In the months since the project's announcement, the nine-member Eastern Iowa board of trustees and Doucette concluded that financing for the project would be more favorable if the college district — not Restoration St. Louis — owned the former First Federal Savings and Loan, sometimes known as the Social Security building because the agency was housed there for many years, and First Midwest Bank.
Ownership would provide "a better way to finance the overall package," Robert Gallagher Sr., board president, said in an interview. "You don't pay extra expenses with owning the building."
The decision reached by a unanimous vote of the trustees in December required a six-month period of due diligence.
Those reports, dealing with proposed financing, the feasibility of that financing and the how the project would be structured legally, were presented to the board last week in a 2½-hour working session. All were all on the positive side.
The Urban Campus timeline at present is to close on financing by Aug. 31 and to begin construction in September with opening of classrooms a year later, Doucette said.
Although the district really wants the 2017 opening, it may consider a delay if that would mean more favorable financing, Doucette said.
Reports come in positive
The financing package was presented to the trustees by Sam Estep, a former senior vice president of development for Restoration St. Louis who worked on the project for that company.
He left to start his own firm and was hired by the district as an independent, third-party consultant to do the project's financial due diligence. Restoration St. Louis wasn't asked because, being party to the sales/purchase contract, it is not a third party, Doucette said.
Dick Davidson of the Davenport law firm of Lane & Waterman and Terry Kilburg, a certified public accountant with his own consulting firm and former chief financial officer for Von Maur, delivered assessments of the legal and financial feasibility of the project, respectively.

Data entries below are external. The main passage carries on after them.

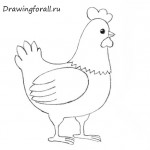 Как да се направи пиле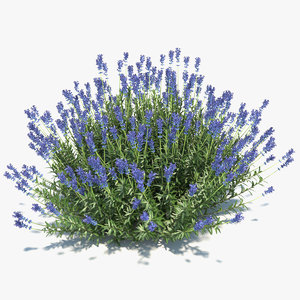 lavender plant model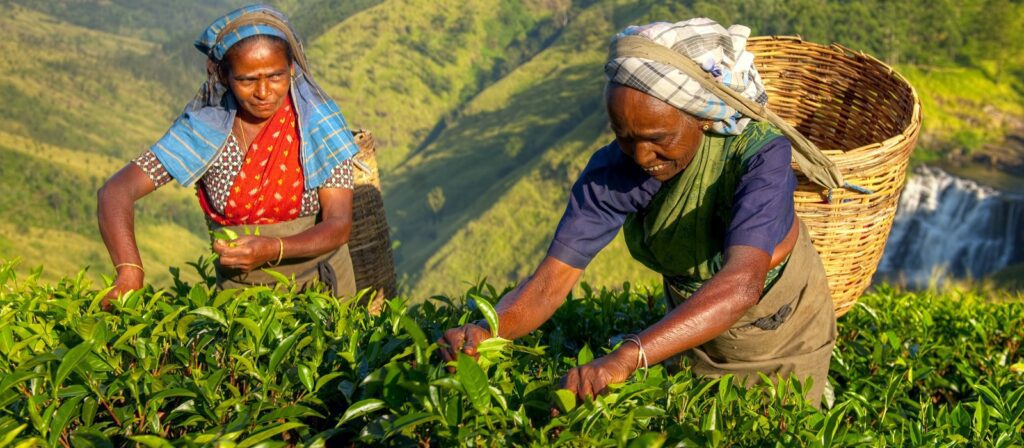 Two women in colorful clothing pick tea leaves in a lush, green tea plantation on a hillside. One carries a large woven basket on her back. A waterfall and mountains are visible in the background.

Several times during the discussion, Davidson said the Urban Campus project would operate under the same model as was used for the recent restoration of the Adler Theatre, Davenport.
"It's the exact same model as the Adler," he said.
With the Adler, the city of Davenport turned the theater over to a nonprofit group that then created various subsidiaries, including a for-profit entity, that processed the historic and New Market tax credits used in financing. When finished, the theater was sold back to the city and the various subsidiaries were folded.
With the Urban Campus, the buildings would be conferred to a nonprofit foundation that would create various subsidiaries, including a for-profit limited liability company, to process the credits. A for-profit is required because tax credits are awarded only to entities that pay taxes. When the tax credits expire, the campus would be sold back to the college (for the amount of the remaining debt) and the subsidiaries would be "unwound," Davidson said.
The only risk would be if the college did not finish the project or failed to operate the campus for at least seven years, Davidson said.
Financing: Banks are in
The project anticipates receiving $2.5 million in federal historic tax credits and $3.3 million of state historic tax credits, Estep said. Combined, this accounts for 45 percent of the project's qualified reimbursable expenses, or the "hard" costs of construction, not the "soft costs" of developer, legal or architect fees, he said.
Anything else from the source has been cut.